> Exercise data

##########

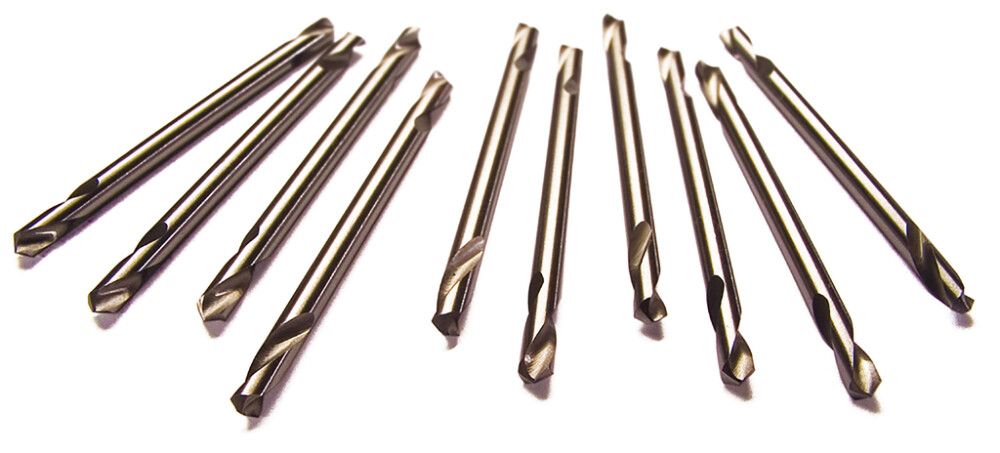 Niittiporanterä Tamo 2-päinen 4,10 mm 10 kpl/pkt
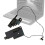 Replacement for AcerAspire E5-475 E5-475g Laptop Left & Right 2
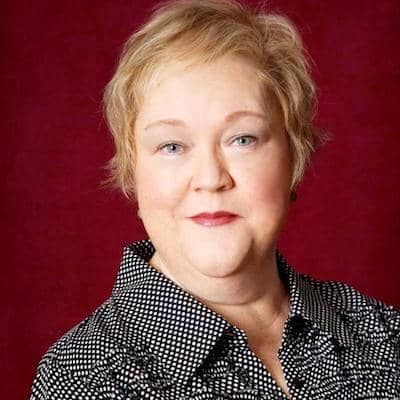 Kathy Kinney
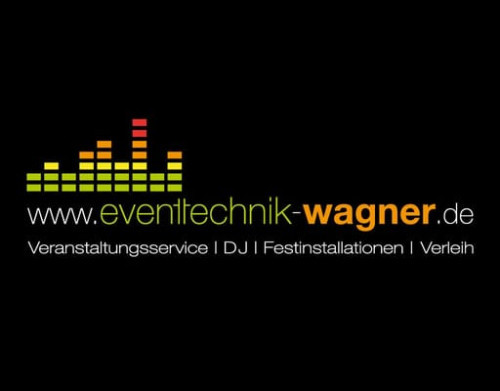 Eventtechnik Wagner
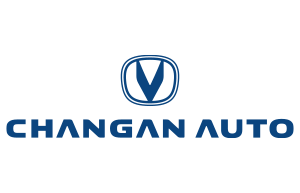 logo changan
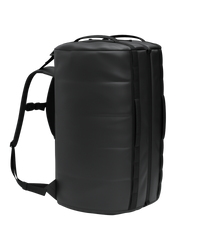 Beutel DB Roamer Pro Split Duffel 70L Black Out - 2025/26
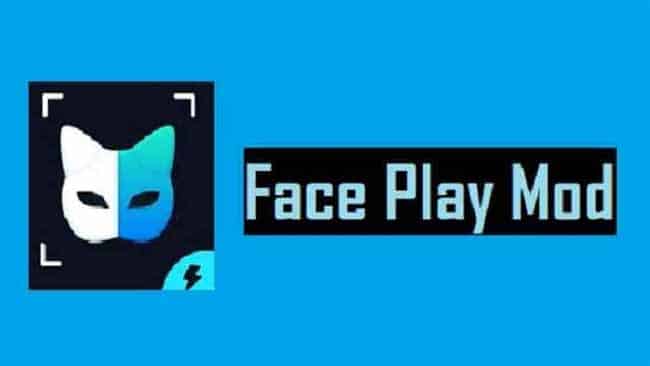 Perbedaan Face play Mod Apk dengan versi asli
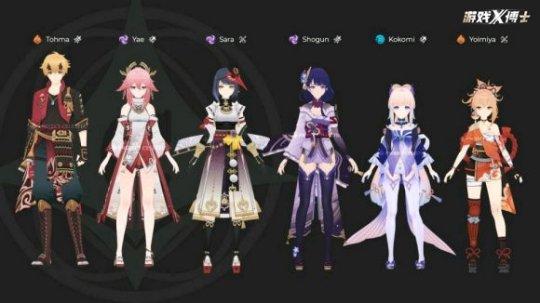 玩原神该怎么设置（原神怎么才能一直玩）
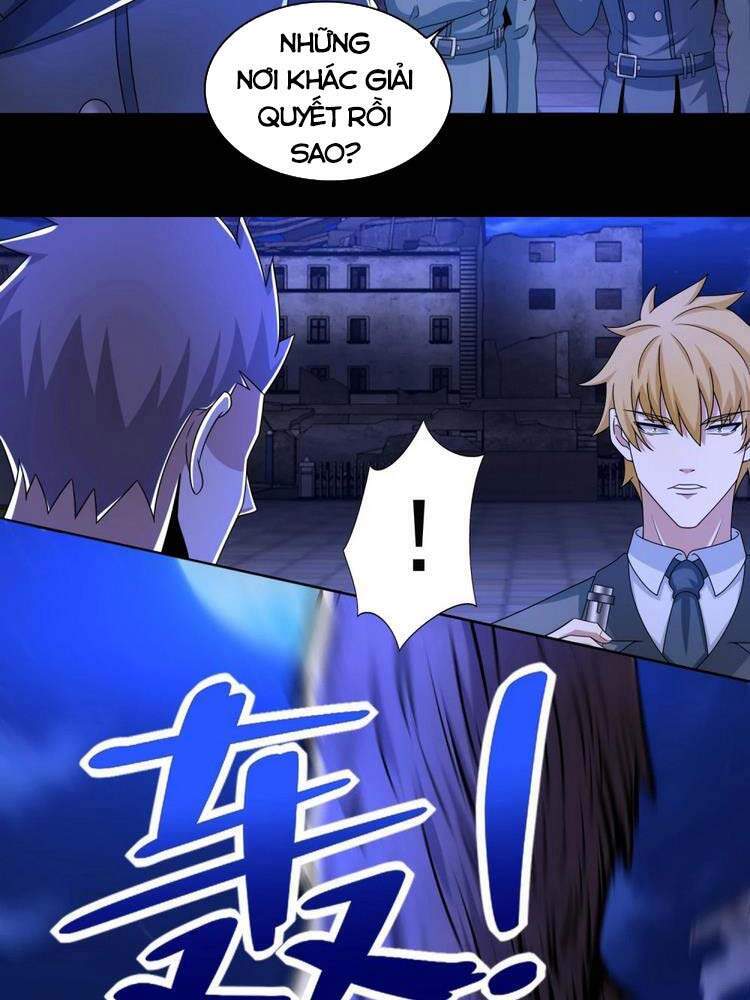 Mạt Thế Vi Vương Chap 404 - Next Chap 405
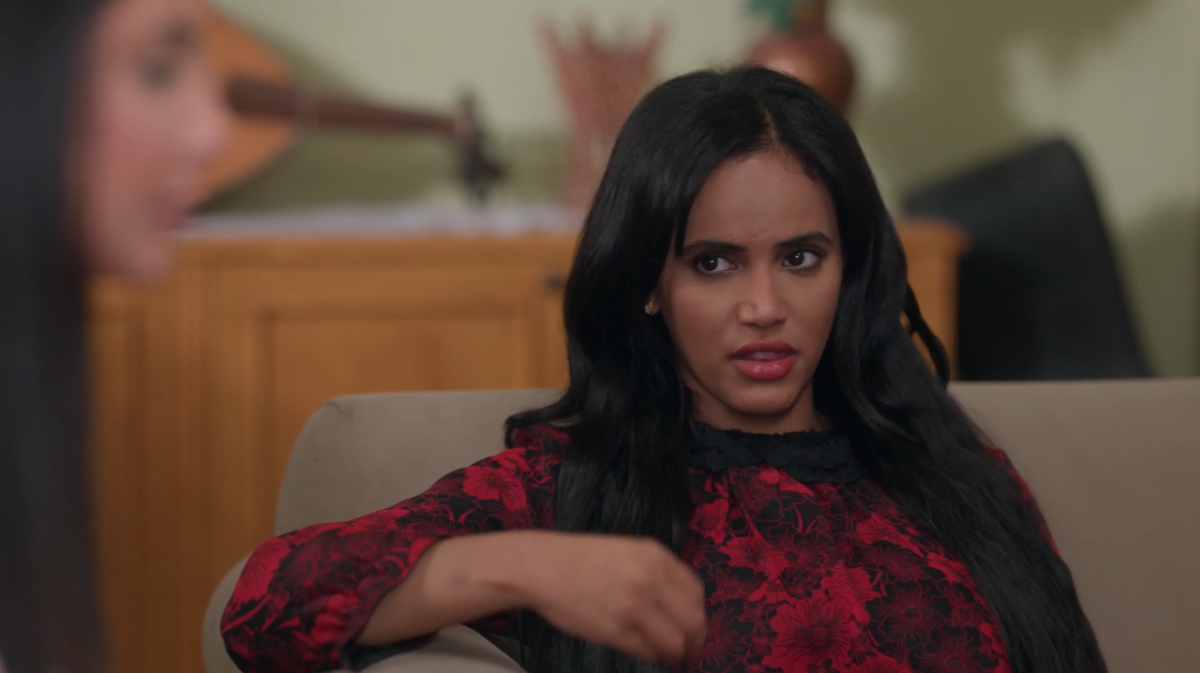 مسلسل شارع الأعشى 2 الحلقة 18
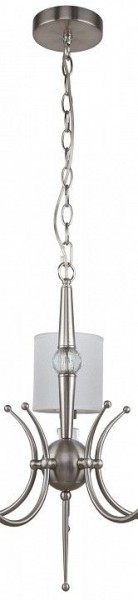 Подвесная люстра MW-Light Конрад 11 667012605 в Новом Уренгое - novyy-urengoy.mebel24.online | фото 14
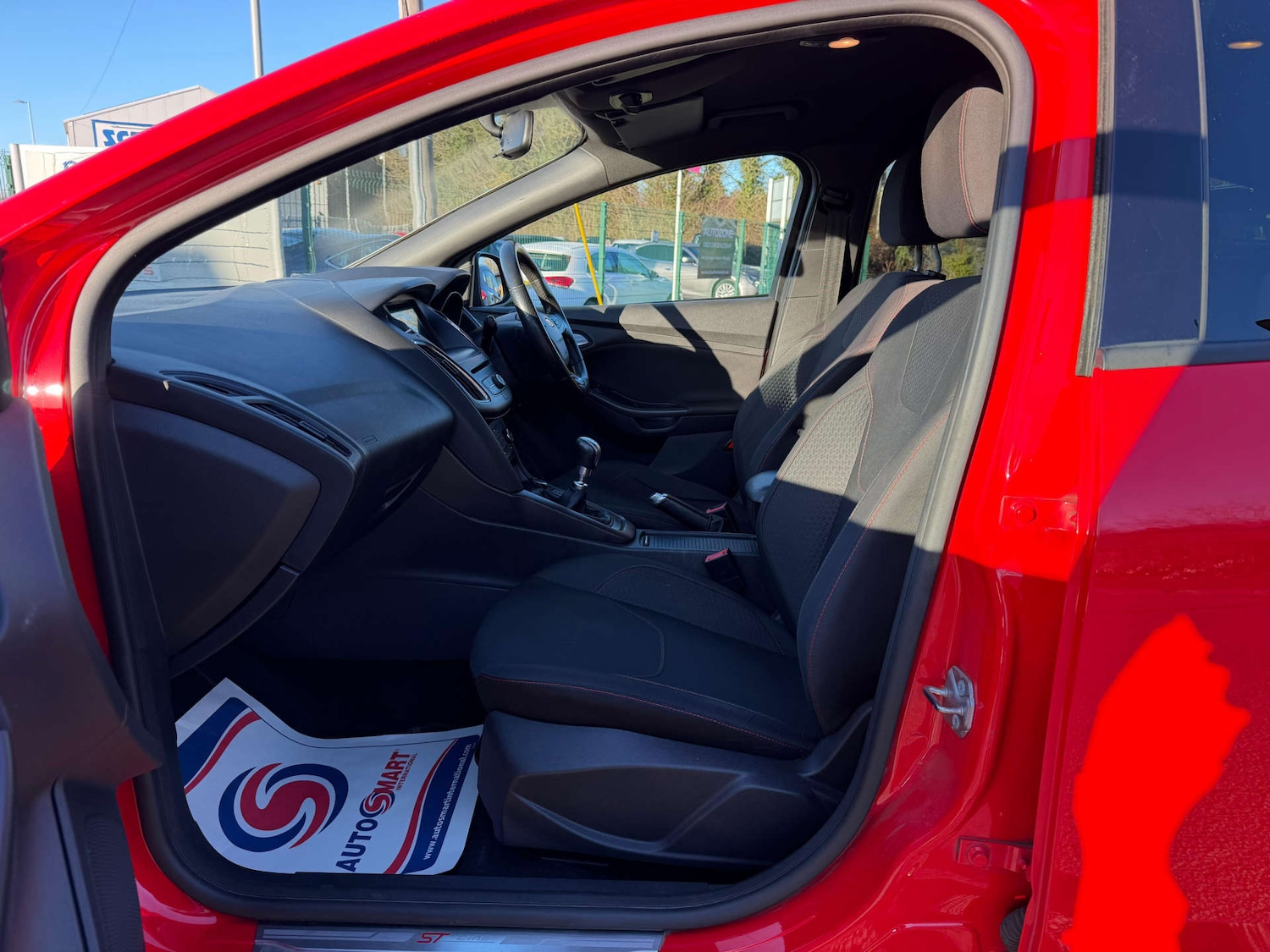 Used Ford Focus 2017 for sale - 77437472: Photo 79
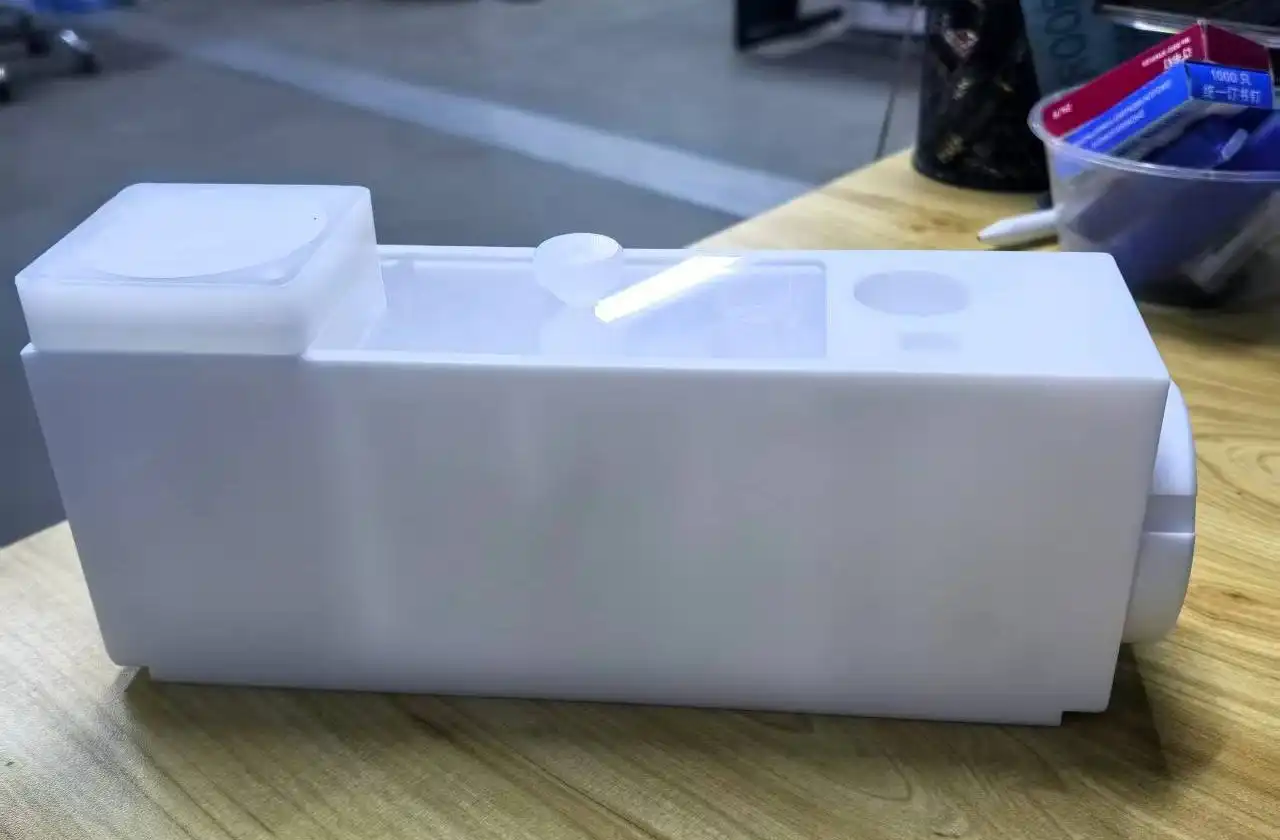 What to Consider Before Purchasing a PTFE Mixer Settler?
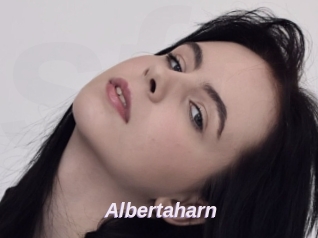 Albertaharn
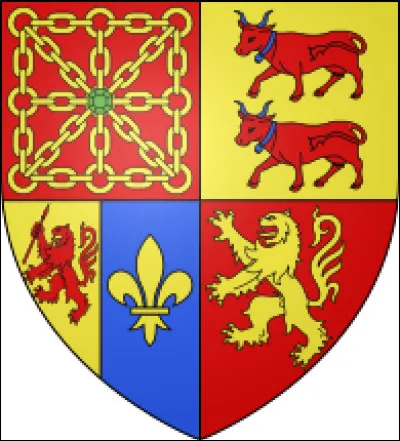 Henri IV a vu le jour dans le chef-lieu de ce département. 
On y pratique la pelote Basque et il y a des spots de surf.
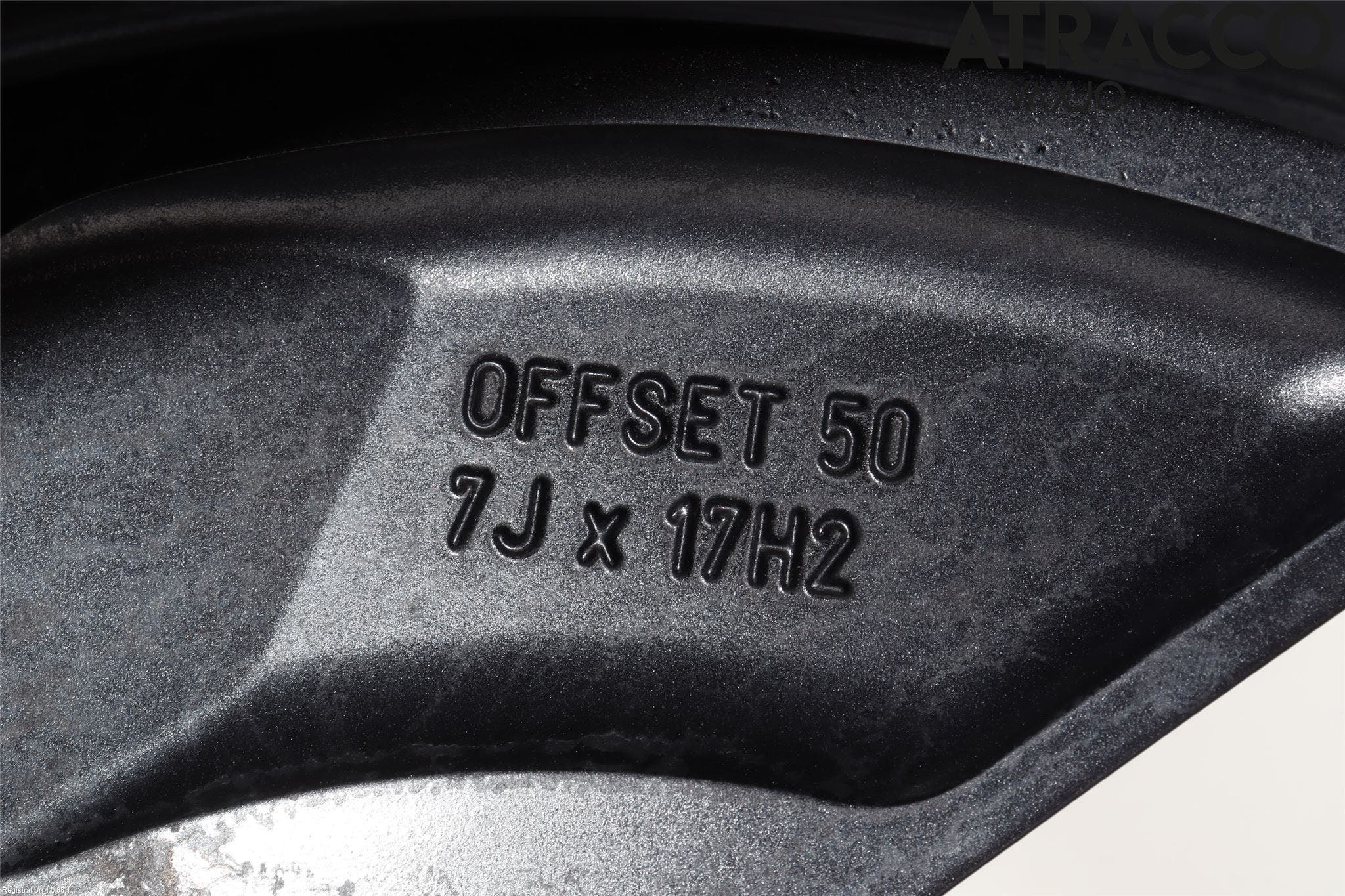 Hyundai KONA/ELECTRIC OS 18-23 Fälg Aluminium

##########

> Directions for this task
Copy word for word the lines of the records above from the one with "logo changan" up to and including the one with "Подвесная люстра MW-Light". Skip the pictures.

> Solution
 logo changan
 Beutel DB Roamer Pro Split Duffel 70L Black Out - 2025/26
 Perbedaan Face play Mod Apk dengan versi asli
 玩原神该怎么设置（原神怎么才能一直玩）
 Mạt Thế Vi Vương Chap 404 - Next Chap 405
 مسلسل شارع الأعشى 2 الحلقة 18
 Подвесная люстра MW-Light Конрад 11 667012605 в Новом Уренгое - novyy-urengoy.mebel24.online | фото 14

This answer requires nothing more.